For the more than 5 million Americans and 35 million people worldwide suffering from Alzheimer’s disease, the rate of progress in developing effective therapeutics has been unacceptably slow.
To address this urgent need, UC Santa Barbara’s Kenneth S. Kosik and colleagues are calling for a parallel drug development effort in which multiple mechanisms for treating Alzheimer’s are investigated simultaneously rather than the current one-at-a-time approach. In an article published today in Science Translational Medicine, the research team — Kosik; Andrew W. Lo and Jayna Cummings of the MIT Sloan School of Management’s Laboratory for Financial Engineering and Carole Ho of Genentech, Inc. — presents a simulation of a hypothetical megafund devoted to bringing Alzheimer’s disease therapeutics to fruition.

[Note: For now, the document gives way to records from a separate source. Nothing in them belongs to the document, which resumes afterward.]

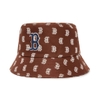 MLB CLASSIC MONOGRAM BUCKET HAT BOSTON REDSOX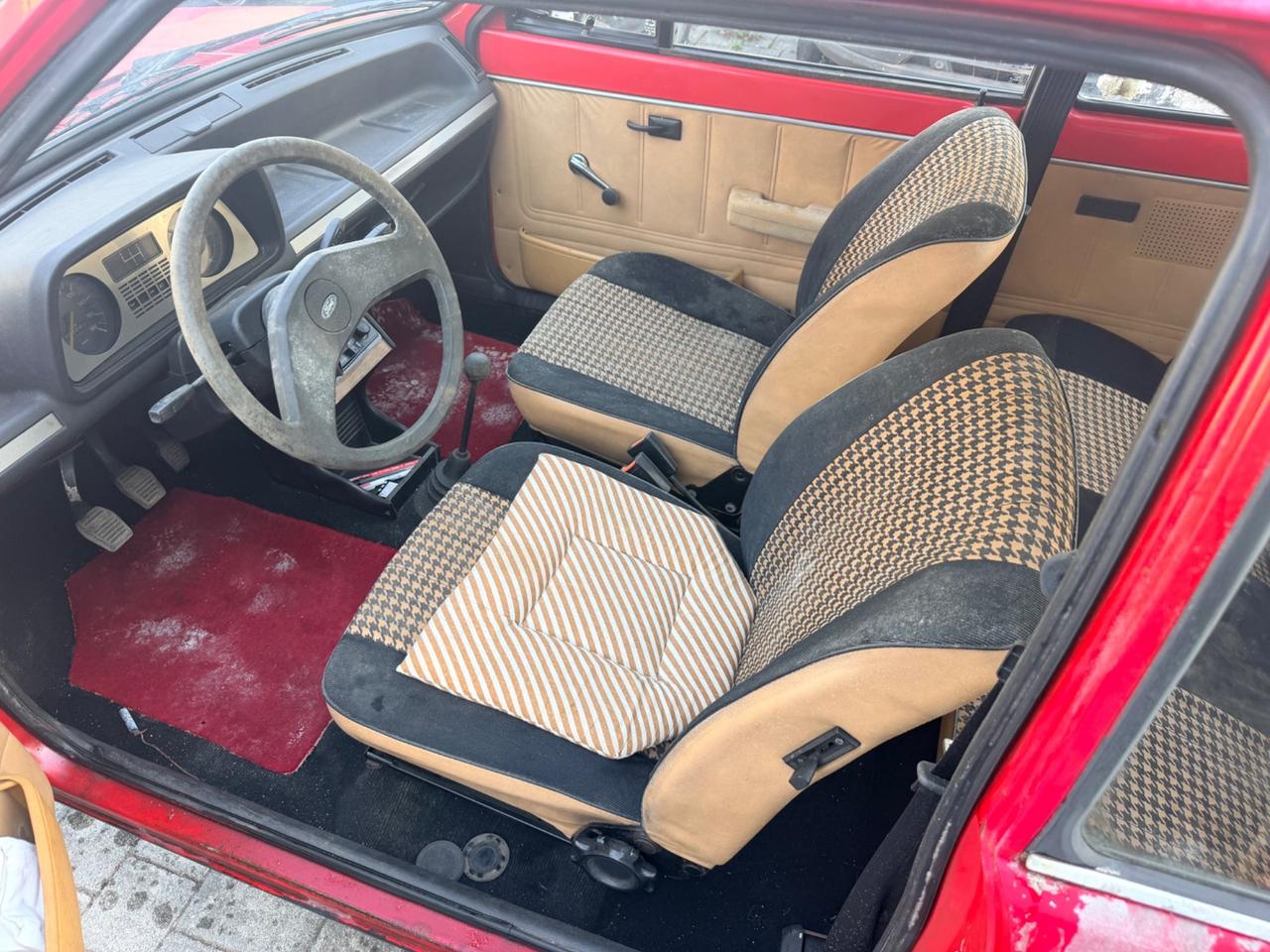 Ford Fiesta 1.1 L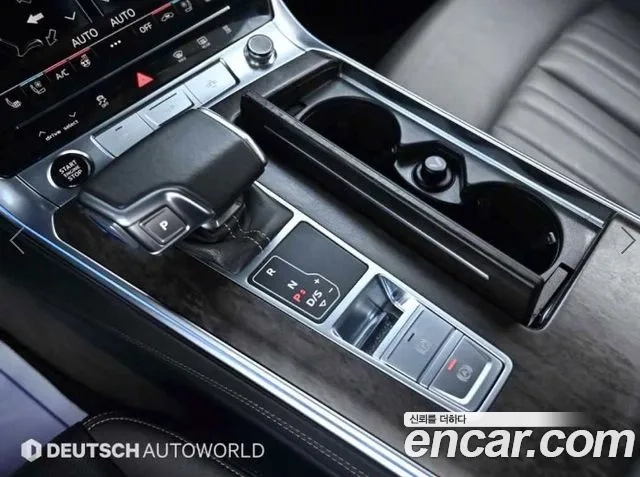 Audi A6 (C8) id 2880044 из Кореи 17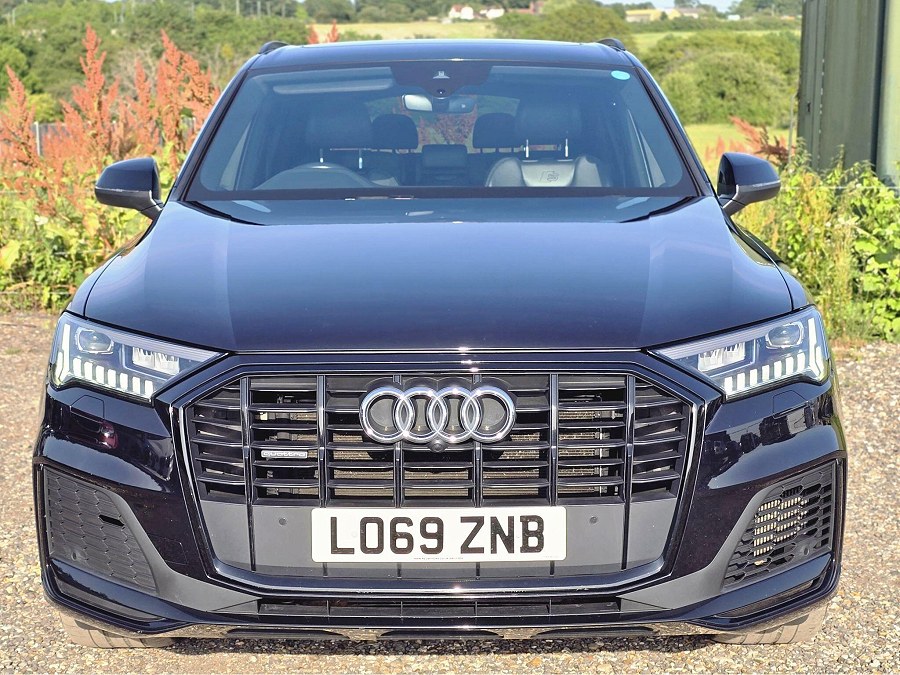 2019 Audi Q7 photo 8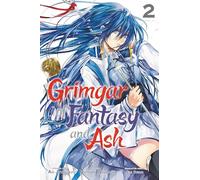Ao Jyumonji Caleb Cook Eir Grimgar of Fantasy an (Tapa blanda) (Importación USA)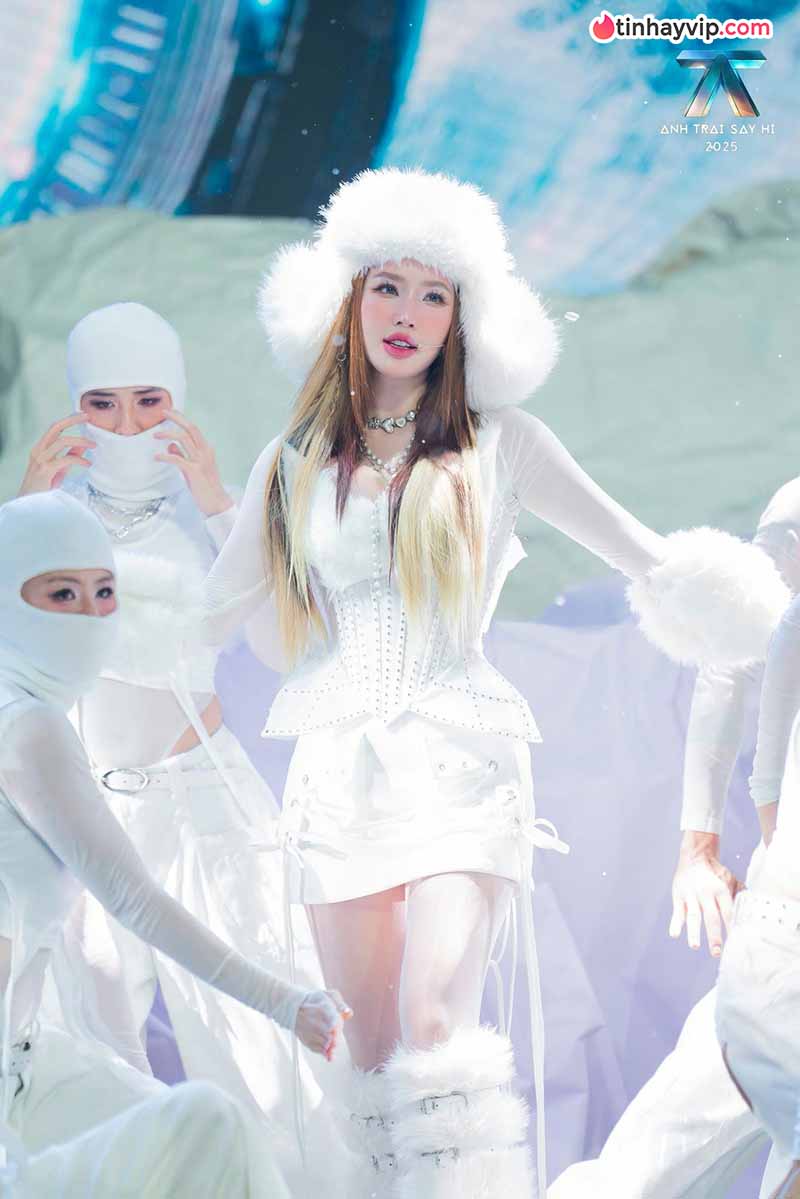 Bảo Thy và hành trình từ Công chúa bong bóng đến Vpop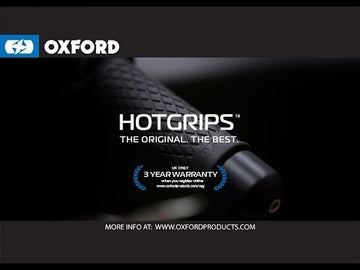 Oxford HotGrips®  Premium ATV with V8 Switch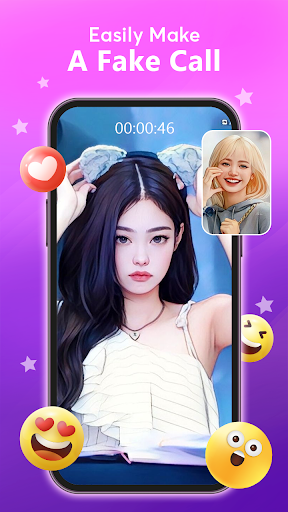 Idol Prank Video Call & Chat para PC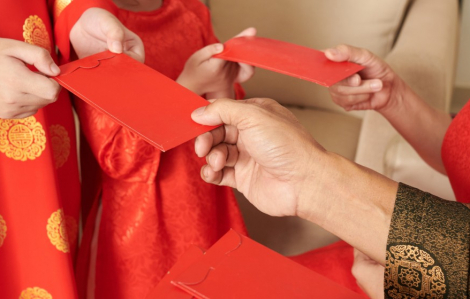 Muốn né về quê ăn tết vì sợ lì xì con cháu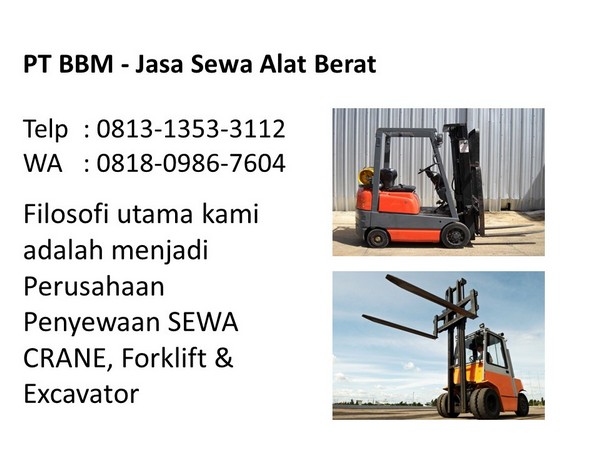 Biaya Rental Forklift 5 Ton Di Bandung Dan Jakarta biaya rental forklift 5 ton di bandung dan jakarta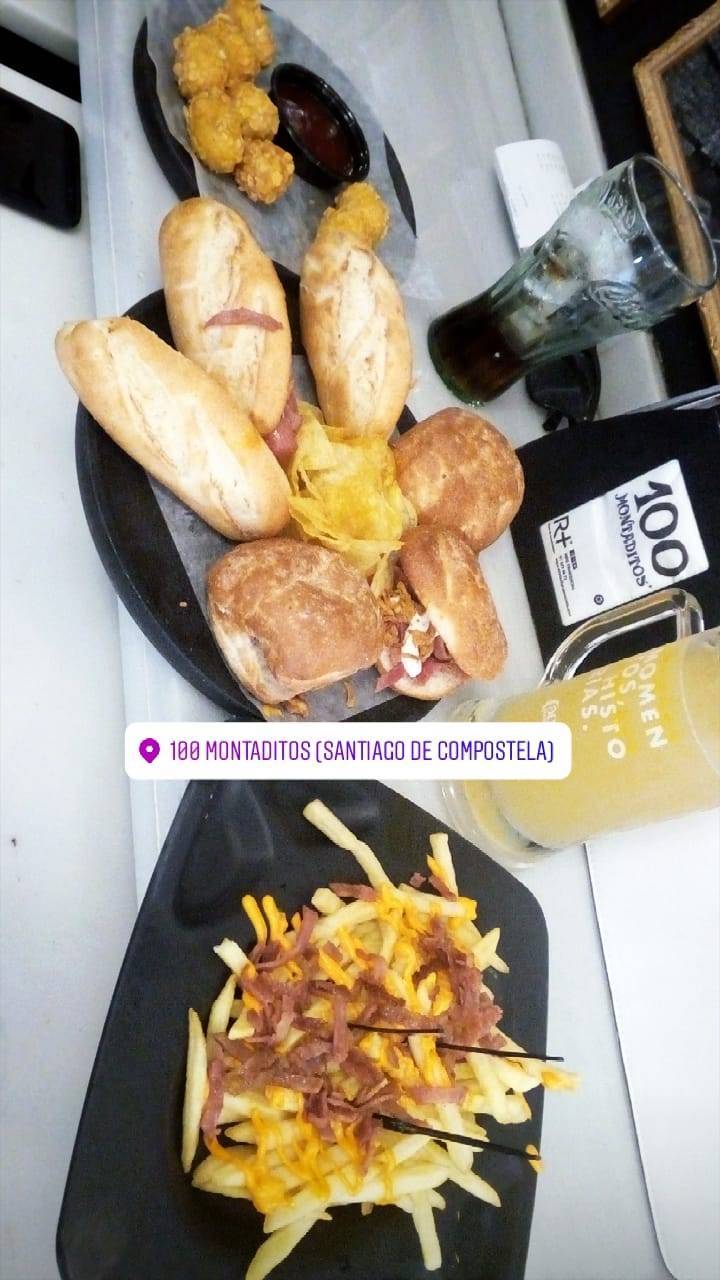 Restaurants 100 Montaditos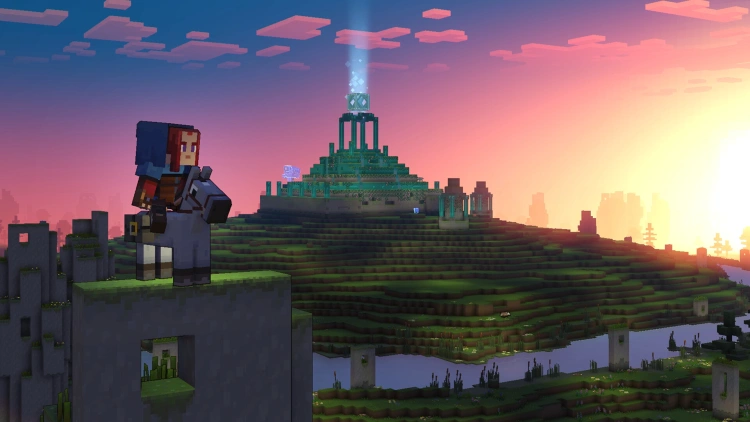 Minecraft Legends - cena, gameplay, premiera. Co wiemy o grze?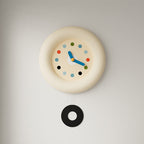 Nendo Wall Clock
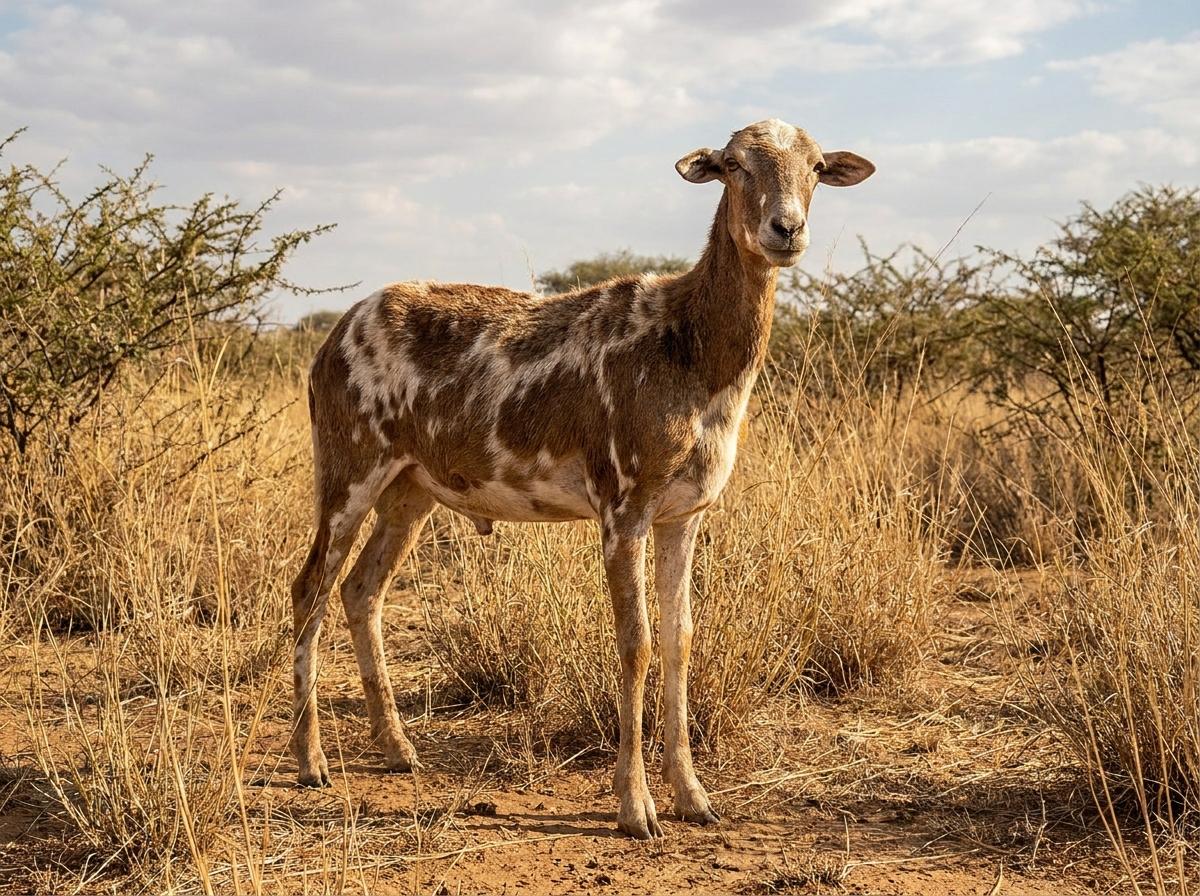 Zaïre Long-Legged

According to Kosik, the Harriman Professor of Neuroscience Research and co-director of the Neuroscience Research Institute, a “multiple-shots-on-goal” approach not only accelerates the search for a cure but also increases the probability of at least one or two successes within the next decade, thereby reducing the financial risk to investors. “But more basic research is needed to increase the probability of success, decrease the correlation among projects and make available more potential targets,” he added.
Unlike cancer and heart disease, which have many therapeutic targets — proteins and nucleic acids to which drugs are directed — the basic science of Alzheimer’s disease biology is still in its early days. What’s more, not enough Alzheimer’s disease targets exist to mitigate risk and thereby attract private-sector investment. But given how much the U.S. government is already paying each year for Alzheimer’s disease-related treatments through Medicare and Medicaid — more than $150 billion in 2013 — a government-supported public-private partnership may yield an excellent return on investment from the taxpayer’s perspective.
Using generic information on the drug development process and qualitative judgments by two of the co-authors (Kosik and Ho) who are experts in neurodegenerative diseases and translational medicine, the simulation shows that a hypothetical portfolio of 64 distinct Alzheimer’s disease drug development programs costing $38.4 billion would yield an expected financial return of -14.3 percent and a 13 percent probability that no project will reach approval. This level of risk implies that large-scale private-sector funding is unlikely to be directed to such an effort.
The analysis may help to explain why no new drugs for treating Alzheimer’s disease have been approved by the U.S. Food and Drug Administration since 2003. Currently only four drugs are on the market, and all four treat only the symptoms of Alzheimer’s disease without altering its course. However, when measured against the potential cost savings to the U.S. taxpayer over a 20-year horizon, therapeutics that delay the onset of Alzheimer’s disease or limit the progression of the disease can generate the equivalent of double-digit investment returns from the taxpayer’s perspective.
To quantify these potential cost savings, the authors used projections developed by the Alzheimer’s Association and found that savings could range from $813 billion to $1.5 trillion over a 30-year period, more than offsetting the cost of a $38 billion megafund. Domestically, the cost of treating Alzheimer’s disease is approximately $200 billion per year, of which an estimated 70 percent is covered by Medicare and Medicaid. Total related costs worldwide are already estimated to be about 1 percent of global gross domestic product.
Given that Alzheimer’s disease has the potential to bankrupt medical systems — the Alzheimer’s Association projects that the costs of care could soar to $1 trillion in the U.S. by 2050 — governments around the world have a strong incentive to invest more heavily in the development of Alzheimer’s disease therapeutics and catalyze greater private-sector participation.
“Unless government funding for basic research in the molecular biology of neurodegenerative diseases increases dramatically in the near future,” Kosik said, “it seems unlikely that the private sector will be able to produce effective Alzheimer’s disease therapies over the next few decades.”
Although the implications of the simulation seem clear, the authors acknowledge the need for much more research to calibrate the parameters of their analysis as well as to develop a more comprehensive set of potential Alzheimer’s disease targets with which to compute investment returns.
“My colleagues and I hope that this simulation will be the starting point for a more active collaboration among all stakeholders to explore the potential of a public-private partnership focused on Alzheimer’s disease therapeutics,” Kosik concluded.